You worked with Dr. Jim Foulds (on natural heritage facets) and Ken Donovan (who wrote about shipbuilding and ferries) to create a book that looks at water from many varied perspectives. What can you tell us about that collaboration?
Collaborating on a book was a new experience for me, and I was a little nervous at first because Jim and Ken are both highly qualified in their fields. I felt a little out of my depth. But once I realized how reassuring it was to have their expert input, writing the book became easier for me. They were both very congenial to work with and their contributions made the book so much more informative and interesting than I could have accomplished on my own. Also, the photographer, Barry Morrison, was an important member of the collaboration, as his beautiful photos added the finishing touch.
What is unusual about this book on water is it looks at its subject from so many perspectives: geologic, ecologic, anthropological, historic and sociological. What do readers gain when so many ways of understanding these waterways come together?

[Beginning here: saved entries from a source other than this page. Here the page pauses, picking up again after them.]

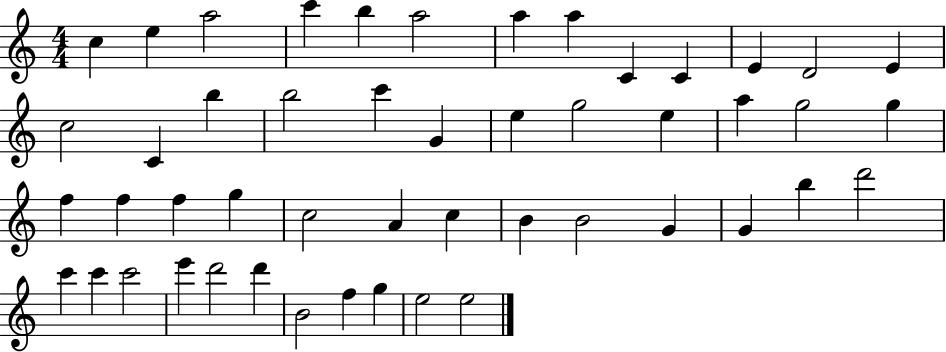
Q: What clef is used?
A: treble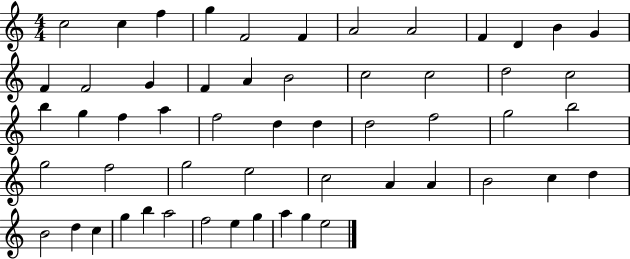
{
  \clef treble
  \numericTimeSignature
  \time 4/4
  \key c \major
  c''2 c''4 f''4 | g''4 f'2 f'4 | a'2 a'2 | f'4 d'4 b'4 g'4 | \break f'4 f'2 g'4 | f'4 a'4 b'2 | c''2 c''2 | d''2 c''2 | \break b''4 g''4 f''4 a''4 | f''2 d''4 d''4 | d''2 f''2 | g''2 b''2 | \break g''2 f''2 | g''2 e''2 | c''2 a'4 a'4 | b'2 c''4 d''4 | \break b'2 d''4 c''4 | g''4 b''4 a''2 | f''2 e''4 g''4 | a''4 g''4 e''2 | \break \bar "|."
}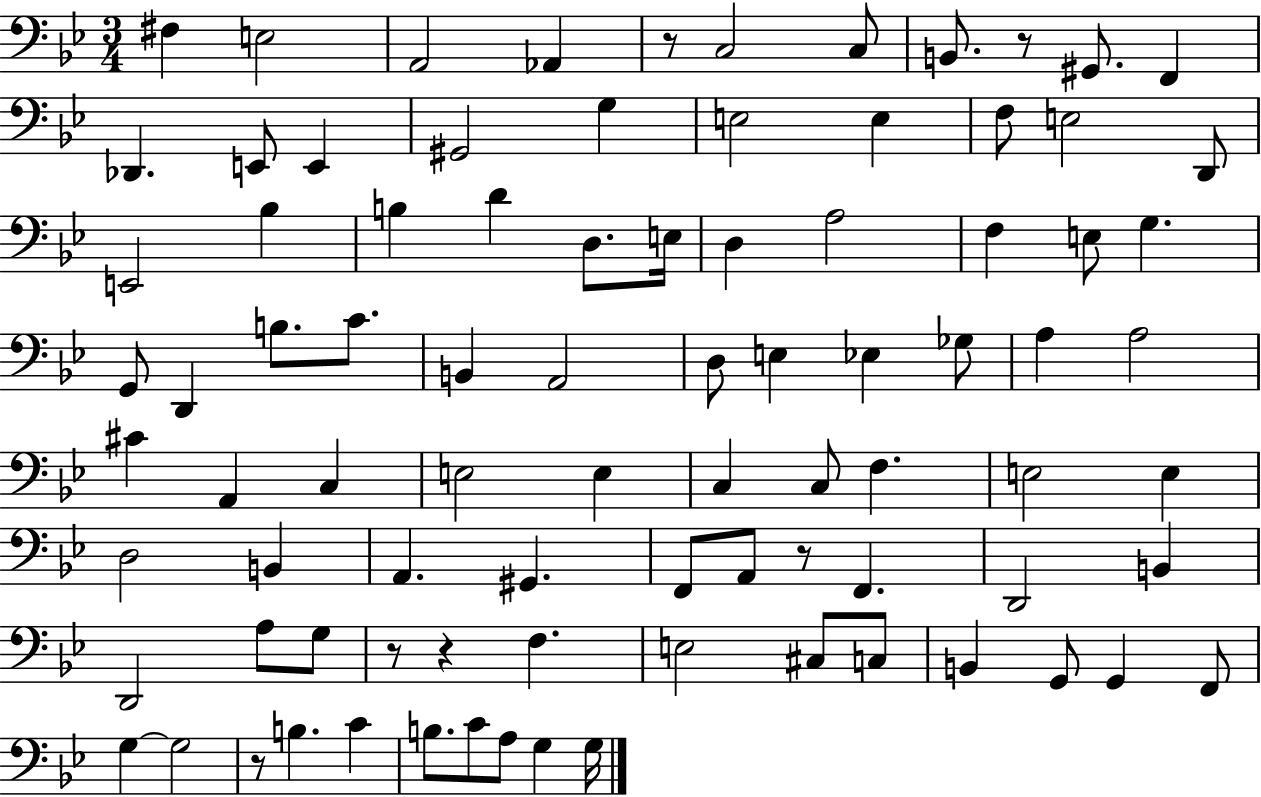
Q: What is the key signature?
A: BES major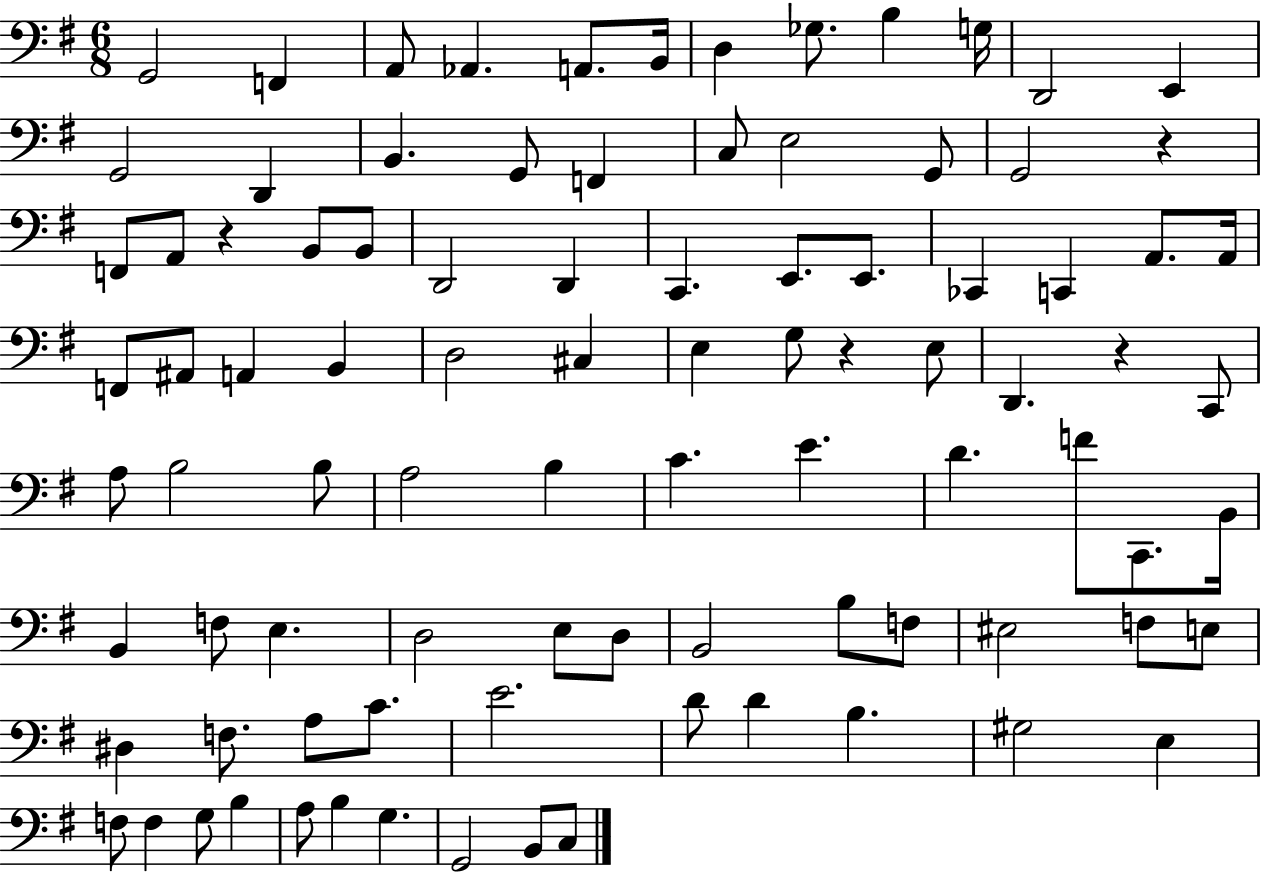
{
  \clef bass
  \numericTimeSignature
  \time 6/8
  \key g \major
  \repeat volta 2 { g,2 f,4 | a,8 aes,4. a,8. b,16 | d4 ges8. b4 g16 | d,2 e,4 | \break g,2 d,4 | b,4. g,8 f,4 | c8 e2 g,8 | g,2 r4 | \break f,8 a,8 r4 b,8 b,8 | d,2 d,4 | c,4. e,8. e,8. | ces,4 c,4 a,8. a,16 | \break f,8 ais,8 a,4 b,4 | d2 cis4 | e4 g8 r4 e8 | d,4. r4 c,8 | \break a8 b2 b8 | a2 b4 | c'4. e'4. | d'4. f'8 c,8. b,16 | \break b,4 f8 e4. | d2 e8 d8 | b,2 b8 f8 | eis2 f8 e8 | \break dis4 f8. a8 c'8. | e'2. | d'8 d'4 b4. | gis2 e4 | \break f8 f4 g8 b4 | a8 b4 g4. | g,2 b,8 c8 | } \bar "|."
}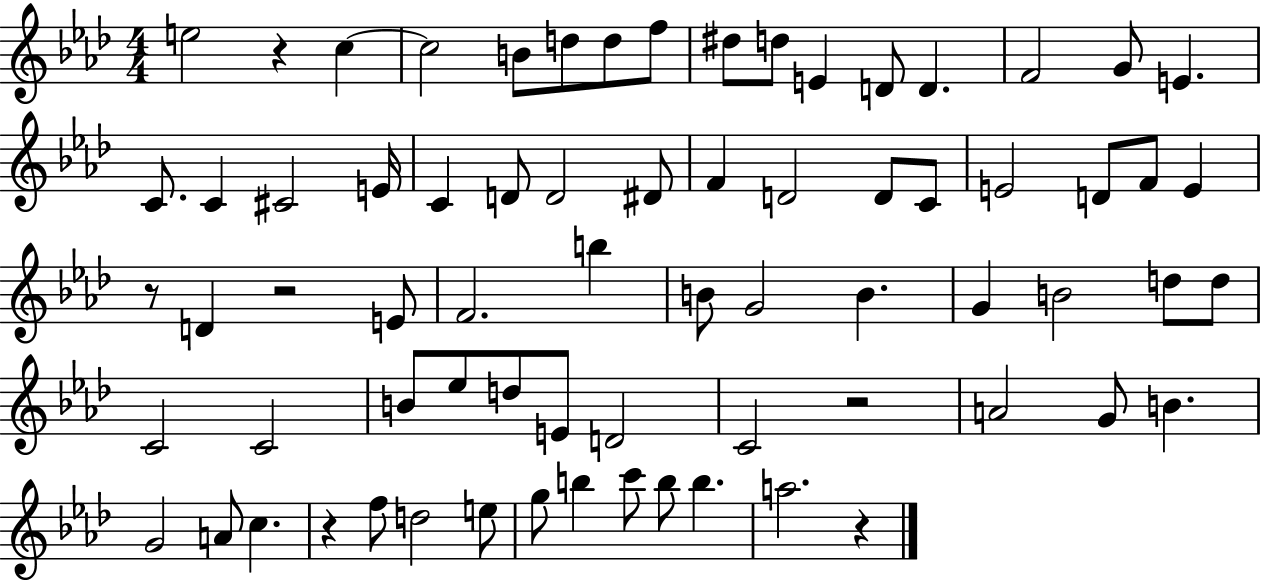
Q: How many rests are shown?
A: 6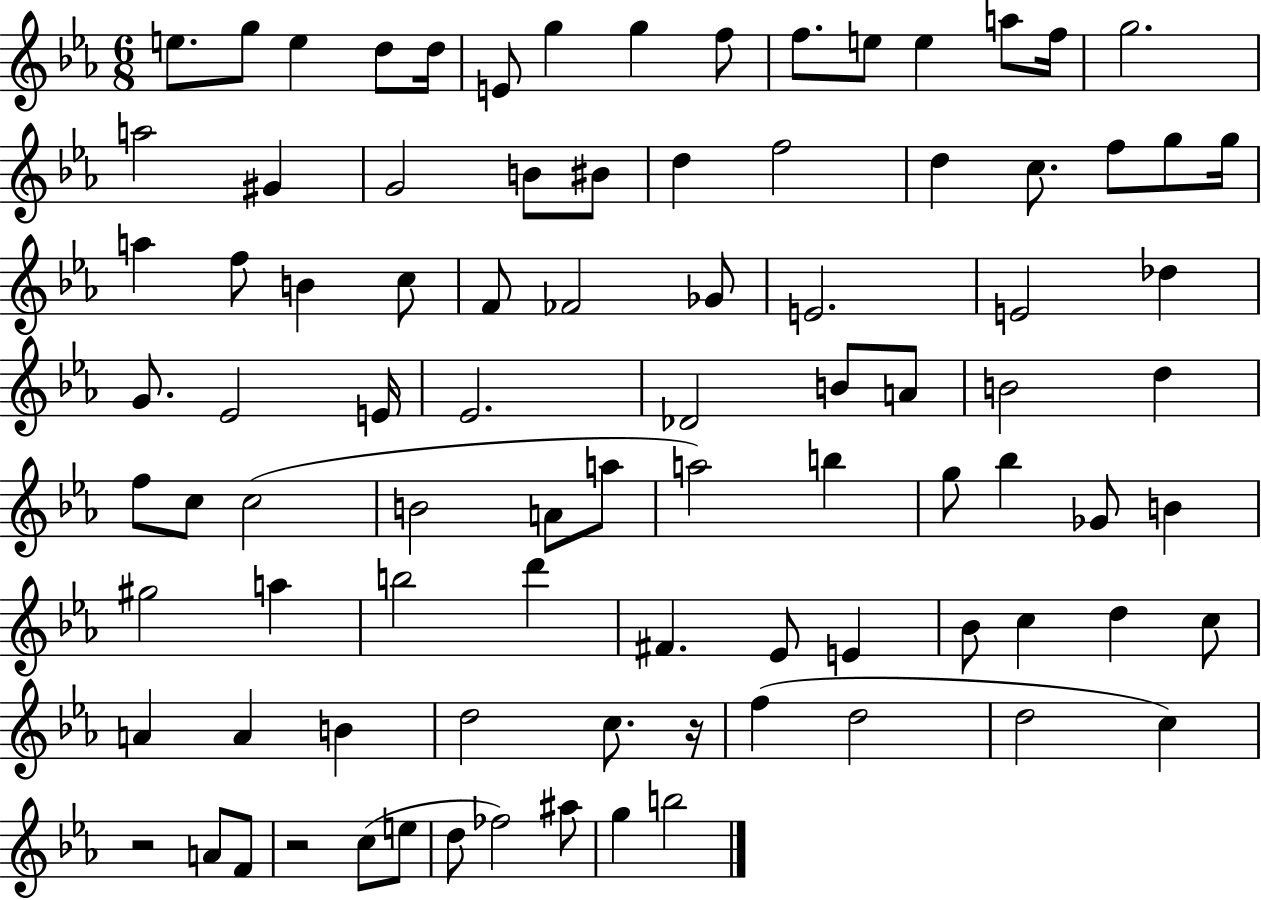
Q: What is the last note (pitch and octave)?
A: B5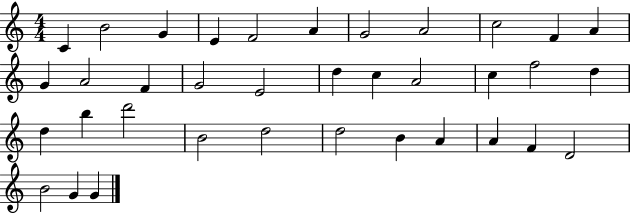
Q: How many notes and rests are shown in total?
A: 36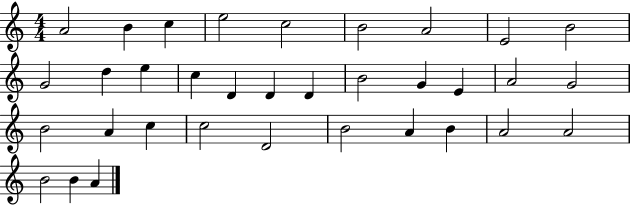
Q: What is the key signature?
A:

By learning more about the geology of our island, we can’t help but gain a better appreciation for our natural surroundings. When we realize that these waterways resulted from geological activity that took place 500 million years ago, it puts their existence into perspective and makes us want to protect and preserve them.
From the human history viewpoint, the fact that these waterways were vital to human existence right from the beginning is incredible. Archaeological evidence found in Ingonish in the 1970s proves the existence of Paleo-Indians, or their descendants the Archaic peoples, on Cape Breton Island at least 2,500 years ago and possibly as long as 9,000 years ago!
The waterways were also vital to the European pioneers who began settling here in the 1600s. I think when we look at the waterways from these aspects (geological, historical, anthropological, etc.) we don’t just see a body of water, but a living link that connects the past, present and hopefully the future.
In your research, what did you learn that surprised you most?
I was truly surprised by what I learned about the island’s geology. I didn’t have a true appreciation for just how long ago these rivers, valleys and lakes were formed. For example, the Mira River Valley resulted from 320-million-year-old Carboniferous and 500-million-year-old Cambrian and Precambrian formations. 340 million years ago, the Middle River watershed was at the bottom of the ‘Windsor Sea.’ These facts were revelations to me.
My favourite learning experience writing the book was the story of the wood turtle, an endangered species found in very few places in Nova Scotia, one place being a protected area along the River Inhabitants. These turtles are so adorable that people will often pick them up and take them home for pets. It takes 15 years for a wood turtle to mature and breed, and some live for over 30 years in the wild. The removal of even one adult female turtle can be disastrous.
You say in the Introduction that your intent is to “entertain as well as to inform.” Can you tell us a bit about why this entertainment aspect is important to you?
Not everyone is able to get out and enjoy a walk along a river or a canoe trip on a lake. One of my hopes for the book is that it will provide people with an opportunity to enjoy these beautiful places just by reading about them and seeing the photos. We subtitled the book “A Casual Reference” to highlight the fact that it is not a guidebook and not intended to be used only by those who are able to go out hiking, fishing and boating.
We want it to be a book that everyone can enjoy, including armchair explorers, and hopefully they will learn a little something along the way. As I said before, I believe the more all of us know about our natural surroundings, the more we appreciate them and see the value in protecting them.